**Exercise prompt**
Find how many lines of the entries contain the word "Toyota", then report that figure alone.

Dataset items
-- -- --

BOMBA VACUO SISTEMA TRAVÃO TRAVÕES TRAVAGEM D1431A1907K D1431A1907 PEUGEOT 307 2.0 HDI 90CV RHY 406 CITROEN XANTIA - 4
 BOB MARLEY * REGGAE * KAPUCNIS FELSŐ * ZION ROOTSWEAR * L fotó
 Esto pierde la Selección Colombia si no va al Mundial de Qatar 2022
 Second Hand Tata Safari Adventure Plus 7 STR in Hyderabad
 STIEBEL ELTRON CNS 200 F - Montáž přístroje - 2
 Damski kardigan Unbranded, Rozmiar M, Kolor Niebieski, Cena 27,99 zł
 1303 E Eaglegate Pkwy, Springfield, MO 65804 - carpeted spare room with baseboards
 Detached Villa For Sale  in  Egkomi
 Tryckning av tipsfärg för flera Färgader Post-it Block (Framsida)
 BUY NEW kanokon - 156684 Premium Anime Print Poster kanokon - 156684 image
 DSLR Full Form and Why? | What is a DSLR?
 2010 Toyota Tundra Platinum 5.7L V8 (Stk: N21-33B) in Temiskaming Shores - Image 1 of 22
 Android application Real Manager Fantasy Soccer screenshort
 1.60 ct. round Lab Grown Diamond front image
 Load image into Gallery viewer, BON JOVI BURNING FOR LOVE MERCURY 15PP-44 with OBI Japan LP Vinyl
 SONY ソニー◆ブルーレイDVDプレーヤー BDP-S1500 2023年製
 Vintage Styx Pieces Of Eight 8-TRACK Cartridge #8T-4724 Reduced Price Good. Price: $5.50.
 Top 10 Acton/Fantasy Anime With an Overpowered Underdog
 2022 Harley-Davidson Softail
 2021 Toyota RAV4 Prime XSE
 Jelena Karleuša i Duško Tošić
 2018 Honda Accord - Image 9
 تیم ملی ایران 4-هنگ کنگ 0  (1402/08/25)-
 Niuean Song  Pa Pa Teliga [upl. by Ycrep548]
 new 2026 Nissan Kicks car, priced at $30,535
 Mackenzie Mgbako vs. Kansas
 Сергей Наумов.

-- -- --

**Exercise output**
2